- PROBLEM STATEMENT -
Pictures should be left out when the listing below is repeated word for word.

- DATA EXCERPT -
%%

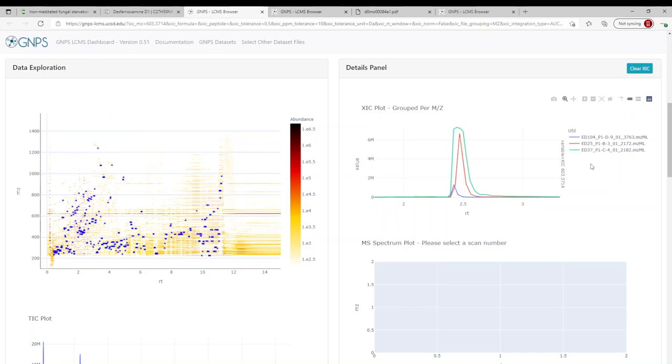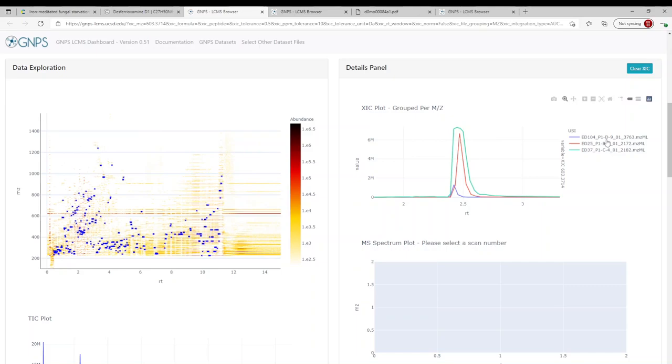But this is exactly what we want to see. We can quickly dereplicate this compound and say yes, it's here, this is where it is, and it's in all three samples. So this is super useful for us as natural products chemists to start deducing. This really shows one of the most basic workflows for all of us, and it can be applied to any metabolite from a dataset or from literature.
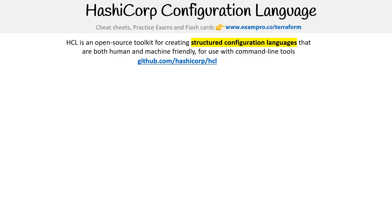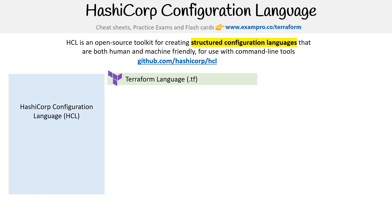So the idea is that they have this baseline language that you can extend for your own use case. Terraform is using it, so it uses the language itself, but then it goes ahead and extends it by adding additional functionality for its specific use case.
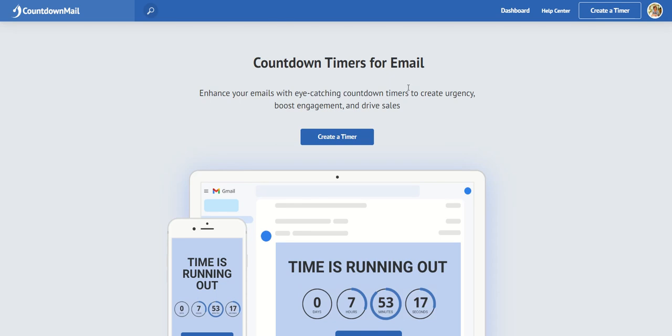How do you add some urgency to your emails when you want people to act on something in a given time frame? I found these countdown timers for emails are a really great way to do that.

%%

- SOLUTION -
But this is exactly what we want to see. We can quickly dereplicate this compound and say yes, it's here, this is where it is, and it's in all three samples. So this is super useful for us as natural products chemists to start deducing. This really shows one of the most basic workflows for all of us, and it can be applied to any metabolite from a dataset or from literature.
So the idea is that they have this baseline language that you can extend for your own use case. Terraform is using it, so it uses the language itself, but then it goes ahead and extends it by adding additional functionality for its specific use case.
How do you add some urgency to your emails when you want people to act on something in a given time frame? I found these countdown timers for emails are a really great way to do that.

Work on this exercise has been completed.